Effect to this concession will be given in a computation under Rule 50. Petitioners are not entitled to any depletion deduction from this $20,809.79. See Alice G. K. Kleberg, 43 B. T. A. 277. It is our understanding that petitioners do not claim any deduction for depletion in case we decide the primary issue in their favor. Having decided that issue in their favor, it is clear they are not entitled to any deduction for depletion. They were not the owners of the oil payment which Hinman received.

Reviewed by the Court.

Decision will be entered under Bule 50.

Arundell, J.,

dissenting: There is no dispute that the oil payments constituted ordinary income and if they had been collected by the taxpayer they would have been taxable to him. But, petitioner assigned his right to collect these oil payments to the extent of $120,000 to a builder in consideration of the latter’s erecting a house for petitioner.
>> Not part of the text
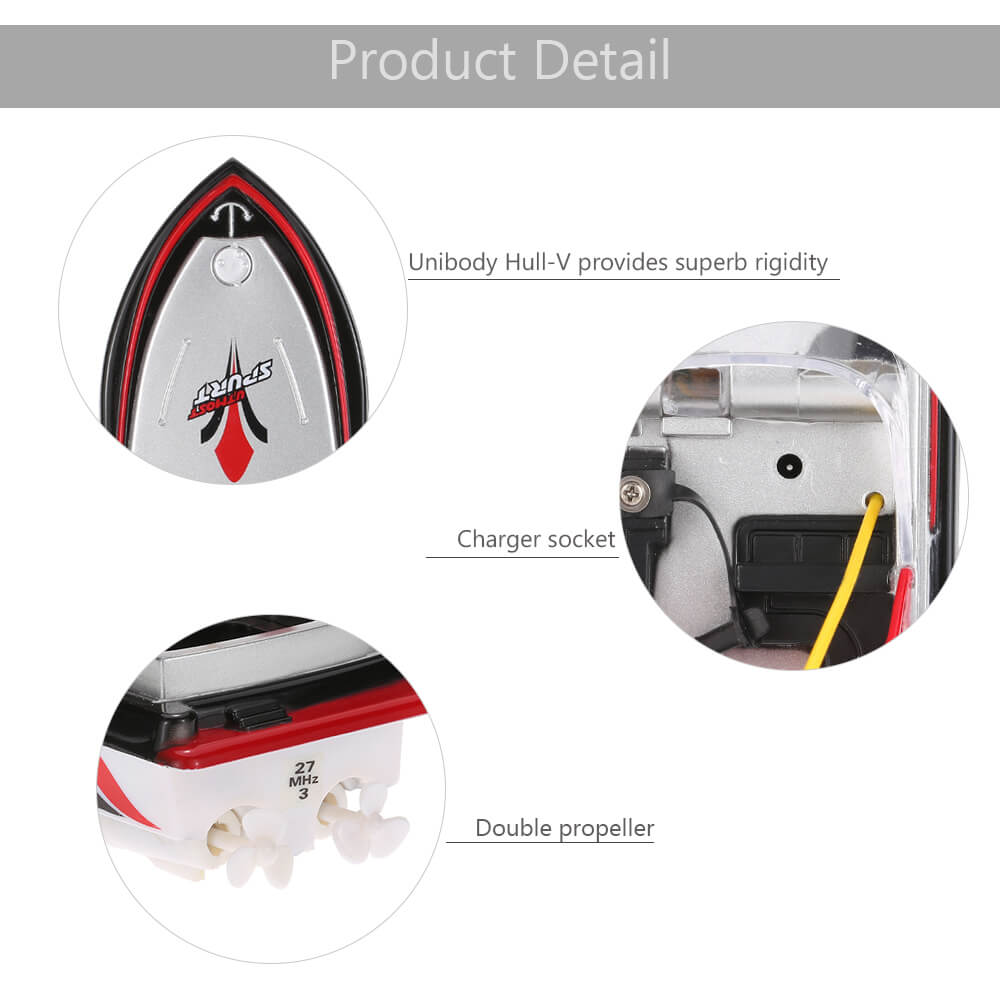 Happy Cow 777-218 Mini RC Speedboat Racing Boat Yacht Model Ready-To-Go - Red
In the terms of the assignment the oil payments were transferred to the builder until the latter “shall have received from the proceeds of the sale of said interest in said oil the sum of One Hundred Twenty Thousand ($120,000.00) Dollars, whereupon the interest herein conveyed to said A. E. Hinman [builder] shall terminate and revert to and revest in said John David I-Iawn [petitioner], his heirs, representatives and assigns without the necessity of the execution of any character of release or reconveyance.” Approximately 2 years were estimated to pay out the builder for erecting petitioner’s house.

It can no longer be successfully argued that one vested with the right to receive income can “escape the tax by any kind of anticipatory arrangement, however skillfully devised, by which he procures payment of it to another, since, by the exercise of his power to command the income, he enjoys the benefit of the income on which the tax is laid.” Harrison v. Schaffner, 312 U. S. 579. See Lucas v. Earl, 281 U. S. 111; Helvering v. Horst, 311 U. S. 112; Helvervng v. Eubank, 311 U. S. 122.

The majority seem to think there is a different treatment called for when income from an oil well is assigned and that the assignment of such income constitutes an assignment of a property interest in the corpus from which flows the income assigned even though the amount assigned is limited and is temporary in nature. It is true the Supreme Court has held where the entire interest in the income of a trust was disposed of that the transaction may be regarded as a transfer of the corpus from which flowed the income. Blair v. Commissioner, 300 U. S. 5. But, this has not been the Court’s holding where there has been a temporary disposition of the income from property even though the transfer takes the form of a temporary disposition of the property itself. Harrison v. Schaffner, supra. In all such cases the income has been taxed to the grantor.

In my opinion the oil payments constituted ordinary income to petitioner and should be taxed accordingly.

Kern, Opper, Raum, Rice, and Bruce, JJ., agree with this dissent.